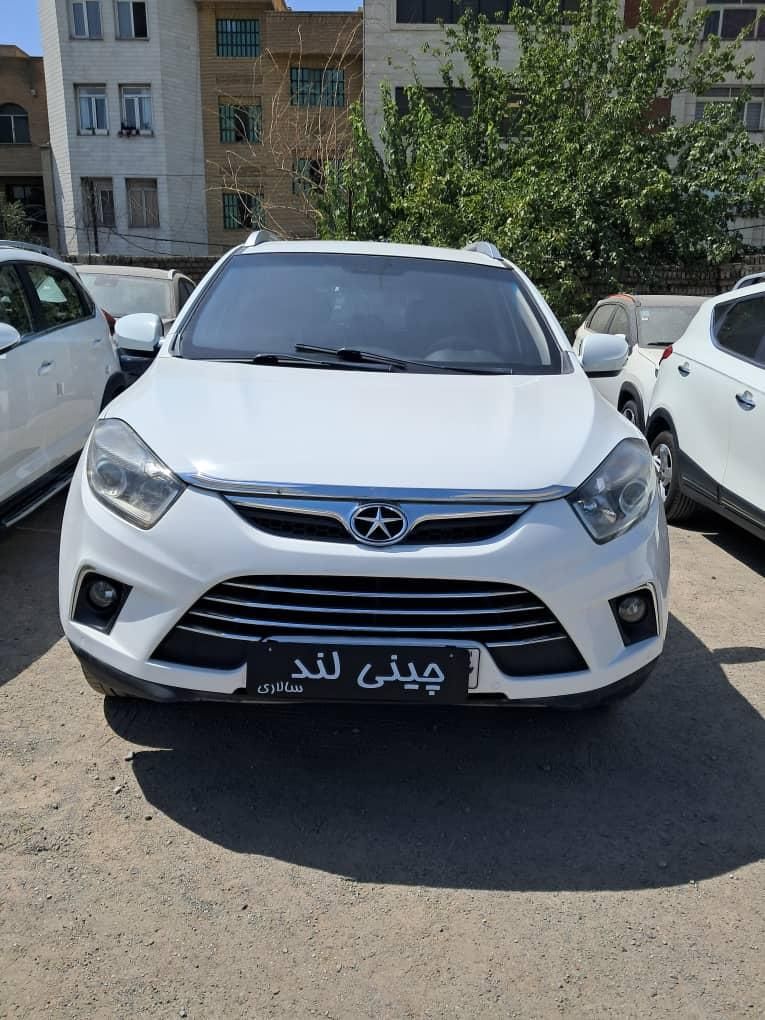 جک S5 سفید  مدل ۱۳۹۶|خودرو سواری و وانت|تهران, عباس‌آباد|دیوار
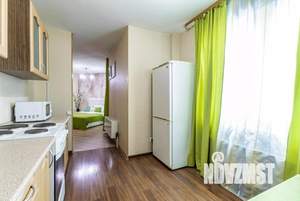 1-к квартира, посуточно, 38м2, 1/1 этаж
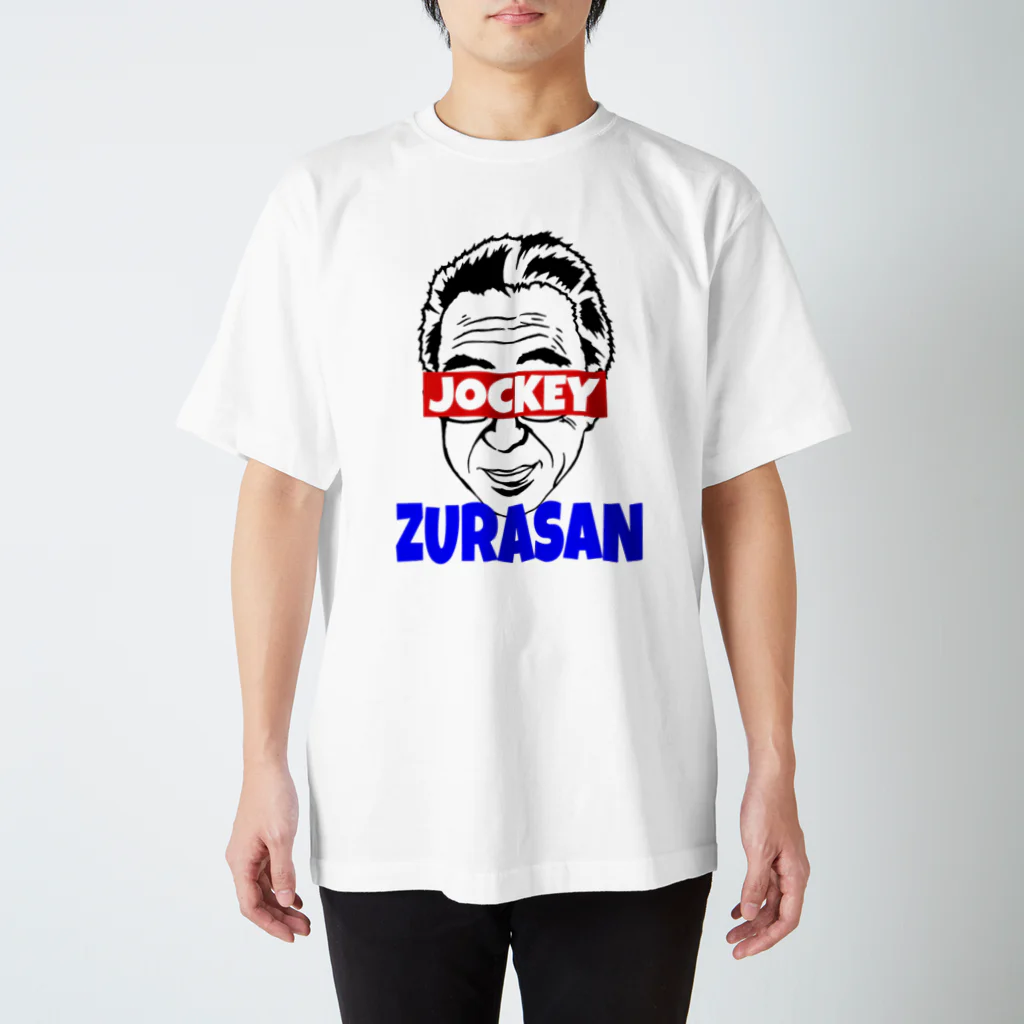 JOCKEY SHOPのZURASAN 3(社長モデル) スタンダードTシャツ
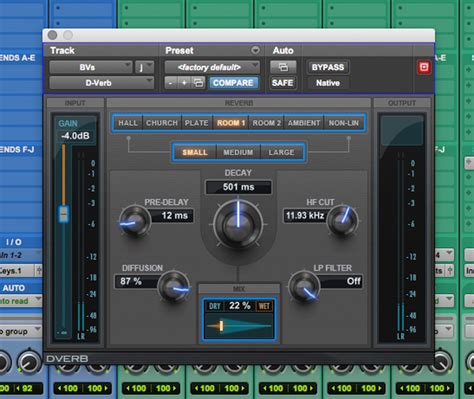 Mixing Backing Vocals Efficiently and Effectively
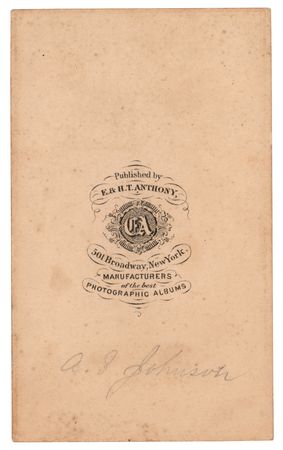 Lot #416 Albert Sidney Johnston Photograph - Image 2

▶ TRY IT:
Restate, word for word, all of the material above, leaving out the images.

▶ FINAL ANSWER:
 جک S5 سفید  مدل ۱۳۹۶|خودرو سواری و وانت|تهران, عباس‌آباد|دیوار
 1-к квартира, посуточно, 38м2, 1/1 этаж
 JOCKEY SHOPのZURASAN 3(社長モデル) スタンダードTシャツ
 Mixing Backing Vocals Efficiently and Effectively
 Lot #416 Albert Sidney Johnston Photograph - Image 2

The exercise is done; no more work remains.